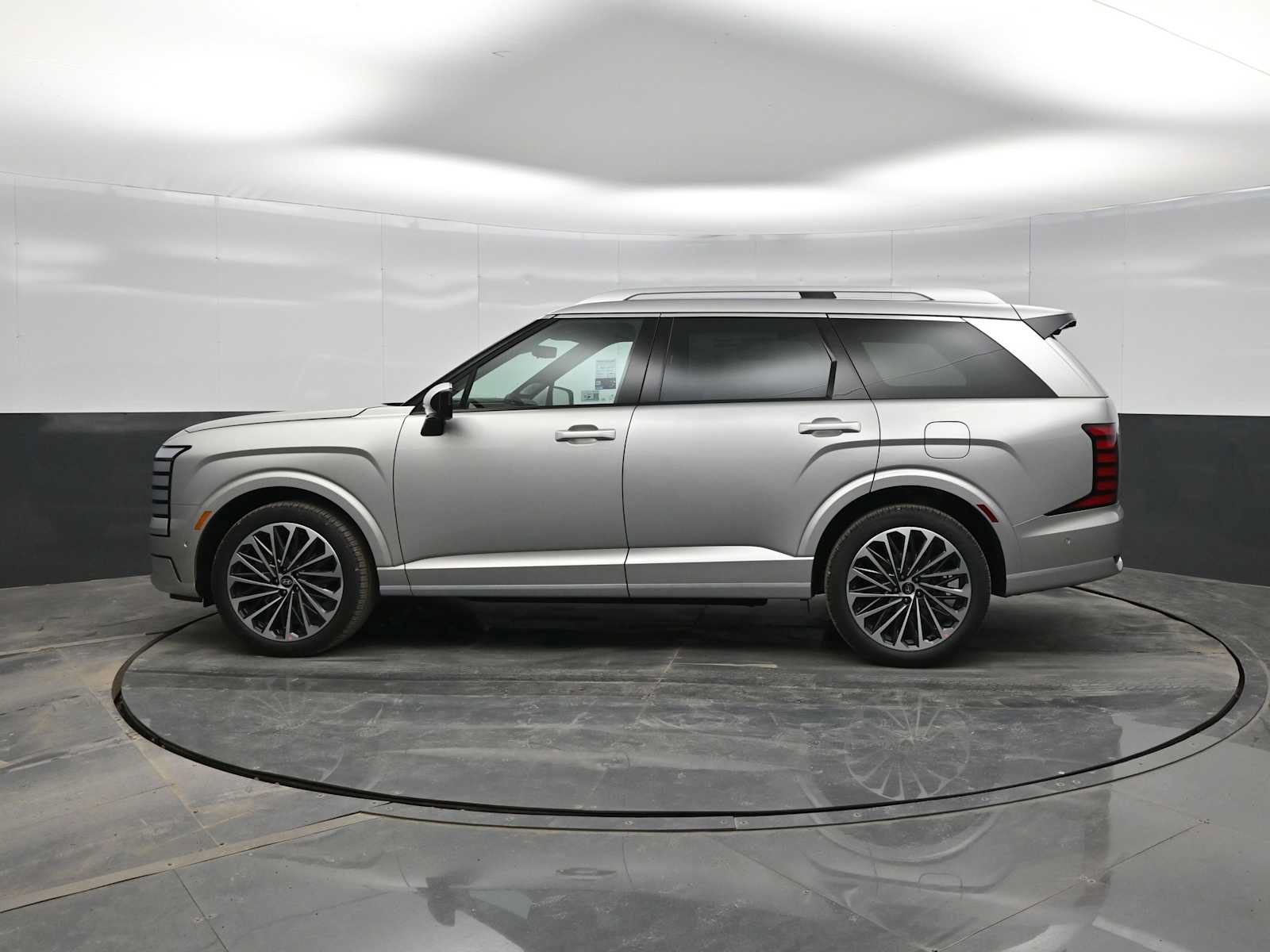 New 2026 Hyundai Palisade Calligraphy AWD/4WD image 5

--------------------------------

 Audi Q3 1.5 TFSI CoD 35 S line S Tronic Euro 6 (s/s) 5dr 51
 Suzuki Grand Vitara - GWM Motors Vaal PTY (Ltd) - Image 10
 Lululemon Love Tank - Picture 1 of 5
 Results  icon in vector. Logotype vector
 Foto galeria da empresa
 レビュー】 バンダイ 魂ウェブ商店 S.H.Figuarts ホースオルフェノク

--------------------------------

◆ EXERCISE DETAILS
All lines in the listing above between the line with "Suzuki Grand Vitara" and the line with "レビュー】 バンダイ 魂ウェブ商店 S.H.Figuarts ホースオルフェノク", inclusive, should be set down exactly, and no line outside that range.

◆ FINAL ANSWER
 Suzuki Grand Vitara - GWM Motors Vaal PTY (Ltd) - Image 10
 Lululemon Love Tank - Picture 1 of 5
 Results  icon in vector. Logotype vector
 Foto galeria da empresa
 レビュー】 バンダイ 魂ウェブ商店 S.H.Figuarts ホースオルフェノク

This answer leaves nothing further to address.